Artificial Intelligence and the Privacy Paradox of Opportunity, Big Data and The Digital Universe

🔬 Research summary by Connor Wright, our Partnerships Manager.

Overview: Thanks to the pandemic, internet connectivity increasing, and companies more efficiently sharing our data, even our most private data…isn’t. This paper explores data privacy in an AI-enabled world. Data awareness has increased since 2019, but the fear remains that Smith’s findings will stay too relevant for too long.

With access to data fuelling the use of protestor tracking in Uttar Pradesh, India, as well as in the Myanmar demonstrations, privacy continues to hold a prominent position in the AI debate.

Where does data end up when we die? Will our data outlive us? What are the implications of that? With increased processing speeds and connectivity, companies are able to more accurately infer information from other websites about us. Increased data awareness has been able to slow down the speed at which this takes place somewhat, but I fear that Smith’s findings may still continue to be relevant for a while.

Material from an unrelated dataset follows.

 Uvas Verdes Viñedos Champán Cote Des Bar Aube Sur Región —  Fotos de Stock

What may even live past our own expiry date is our data itself, whereby I’ll first touch upon Smith’s questioning about where the data that is accumulated goes. In her op-ed about the lifecycle of AI systems, MAIEI staff member Alexandrine Royer refers to the ‘AI junkyard’, a place where now obsolete AI algorithms, software and hardware go to rest. As a result, given the huge amounts of data being collected due to the current pandemic, whether on coming into contact with someone who has tested positive, your medical history, or survey responses, Smith’s question about where this all goes is still very much relevant today.

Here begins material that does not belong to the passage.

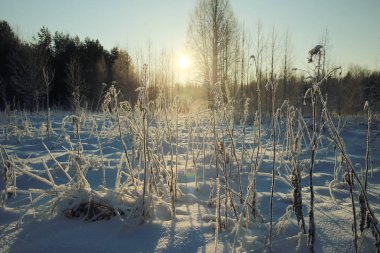 taze kar kış orman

Such an observation then allowed me to think about whether when I eventually go to my own graveyard, will my data follow me? Smith’s observation that our data has a very high chance of outliving us can be a chilling thought, especially given how would have literally no control if a company refused to delete our data despite our passing. Even our most private data could remain in the hands of institutions, companies and other 3rd party actors who, without any legal fight being put up, are unlikely to go rooting for my data to then delete. Furthermore, even if they do take the time, my data has potentially already aided in influencing model behaviour meaning that its deletion is a mere formality. Well, at least my most private data dies with me, right?

According to Smith, this may not be the case. Encapsulated in his privacy paradox, even our most private data are not private. Given the interconnectivity of the internet, the possibility to infer certain qualities from our actions on different websites is increased through the sharing of data between different platforms (such as WhatsApp and Facebook). Having written in the midst of the Cambridge Analytica storm, Smith comments on the power of such companies to be able to extract data even without our knowledge (such as the 85 million Facebook users that formed Cambridge Analytica’s database). Now with the slow entrance of 5G from companies such as Huawei, Smith notes how this interconnectivity is only going to increase, with slower processing times facilitating such data sharing actions.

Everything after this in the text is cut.